El director de la obra era exigente y algo excéntrico, sí, pero también ponía cuanto podía de su parte, mucho esfuerzo y todo el cariño del mundo, para que el resultado fuese el esperado. Llevaba más de 30 años encargándose de organizar aquel gran acontecimiento que transformaba la vida del pueblo durante la Navidad y los vecinos le tenían gran estima pues, además, durante el resto del año se encargaba de velar por su bienestar y comodidad.
A lo largo de todos esos años, las representaciones sufrieron cambios. Los inicios fueron complicados. El número de participantes era reducido, el director tenía poca experiencia y los recursos eran escasos. La gente del pueblo no se implicaba y el director, en numerosas ocasiones, tuvo que recurrir a amigos y conocidos para completar el plantel. Fue sonada la participación, durante varios años seguidos, de extraños personajes a los que el director lograba convencer para que actuaran como extras, ataviados, eso sí, con coloridos uniformes, capas de diferentes tipos e incluso con armaduras metálicas. Muy recordada es la presencia en aquella época de un individuo que agrupaba en su negra indumentaria todos estos elementos, lo que le confería un aspecto ciertamente inquietante, acentuado por la dificultad con la que parecía respirar tras la máscara que portaba. Curiosamente, el año pasado, el director lo volvió a invitar para una única representación, según comentó a los vecinos, para conmemorar una efeméride relacionada con su carrera.

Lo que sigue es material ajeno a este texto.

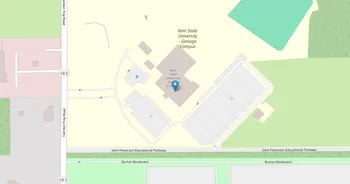 Campus map for Kent State University, Geauga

El reconocimiento del público y la experiencia que el director iba adquiriendo, provocaron que la participación de los vecinos fuera cada vez mayor, y con ella, también el éxito. A la luz de este éxito, algunos de sus familiares empezaron a producir la obra y con los años, el propio director se convirtió también en productor. Gracias a esta financiación, las mejoras en el pueblo fueron cada vez más evidentes y ello repercutió, a su vez, en la calidad de las representaciones. En los últimos años, la obra se había convertido en lo más cercano a una superproducción, que transformaba el pueblo entero durante varias semanas. La necesidad de personal para la obra, provocó incluso que cada vez fueran más los vecinos que se trasladaban al pueblo a vivir desde poblaciones limítrofes. El renombre de la obra llegó a ser tal, que incluso algunos personajes famosos aspiraban a conseguir algún cameo en la misma. En este sentido, se estableció la costumbre de que cada año, una de estas celebrities, de actualidad por algún motivo determinado, apareciera en la obra mostrando su cara más personal e íntima de forma discreta y fugaz, al más puro estilo Hitchcock.

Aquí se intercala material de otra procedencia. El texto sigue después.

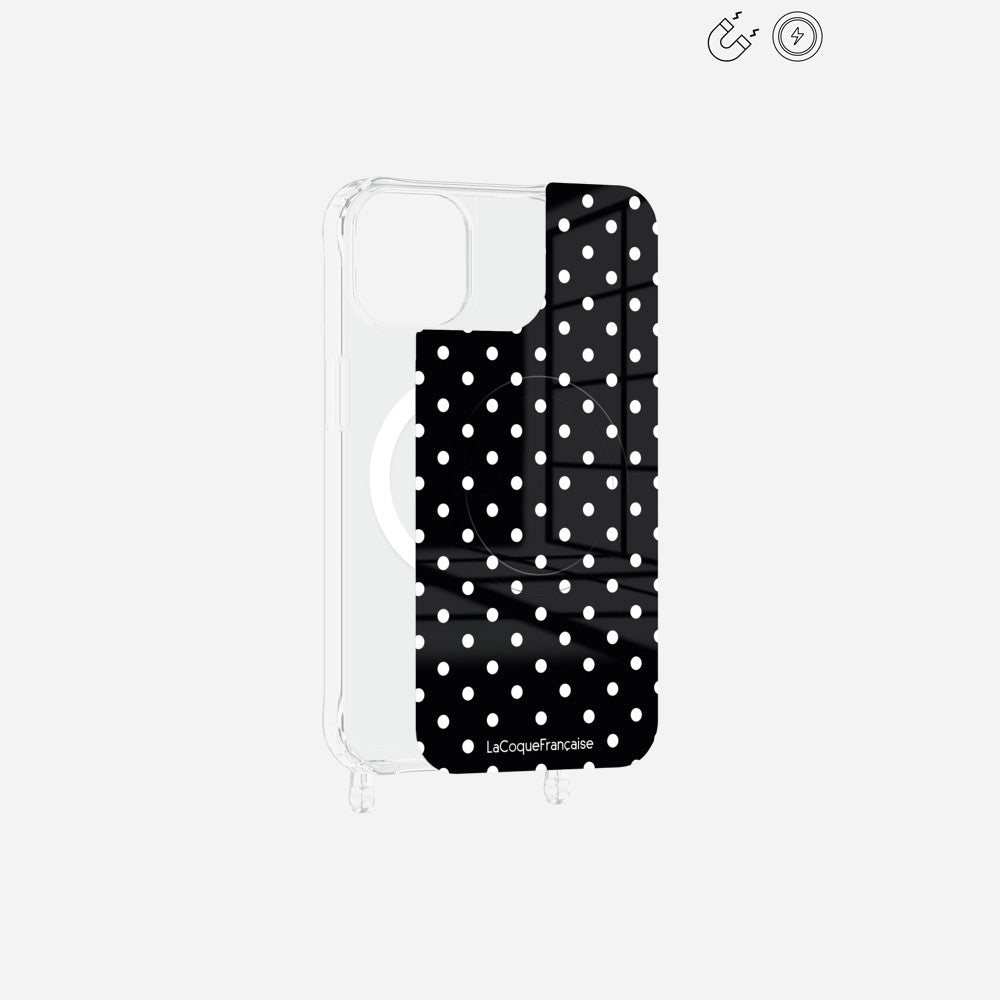 Plaque Magnetique Imprimee Pois Blanc - 16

Ese año la Navidad estaba ya muy cercana y como siempre ocurría, el pueblo se sumía en un pequeño caos. El director había empezado a repartir indicaciones y todo debía estar perfecto para el gran estreno. Los días previos, los vecinos del pueblo corrían atareados de un lado a otro, preocupados por tenerlo todo listo a tiempo. La responsabilidad era enorme y nadie en el pueblo podía consentir que algo saliese mal. Había mucho trabajo y no demasiado tiempo: reparar vallados, acondicionar jardines, revisar el curso del río y el molino de agua, comprobar la solidez de los puentes, hacer recuento de animales, recoger suficiente leña para poner a funcionar hornos y forjas, etc… Y todo ello mientras cada uno se ocupaba también de preparar su papel y tener listo su vestuario.
Llegó la fecha del gran estreno y todo parecía estar a punto. El pueblo vestía sus mejores galas y cada vecino ocupaba su lugar. El director se disponía a presentar a todos el personaje principal, la estrella de la obra, alrededor de la cual giraba toda la trama. El guion exigía que fuera un niño, un bebe recién nacido. Por ello cada año, el director buscaba al bebé adecuado y esperaba hasta última hora para sacarlo a escena, en lo que era la culminación de los preparativos de la obra y el inicio de las representaciones. Pero…al disponerse a ello observó, sorprendido, que alguien ocupaba ya el lugar del niño. Con los ojos de par en par y boquiabierto, vio en la cuna a una pequeña criatura con forma de píldora amarilla, piernas muy cortas, vestido con un peto azul y un par de grandes ojos redondos, muy abiertos y cubiertos con gafas de aviador, que le conferían una expresión realmente entrañable.
Sin tiempo a articular palabra, la hija del director, una dulce niña de apenas 5 años, se acercó a su padre al percatarse de su sorpresa y con mirada de súplica le dijo:
-Papiiii…¿puede ser Bob el niño Jesús de este año…? Porfiiii…
Y justo en ese momento, cuando el padre acarició la cabeza de su hija, mirándola enternecido y asintiendo, y se dieron la vuelta dirigiéndose a la mesa del comedor donde todo estaba preparado para la comida, fue cuando los vecinos del pueblo entendieron que la dirección de la obra había cambiado de manos.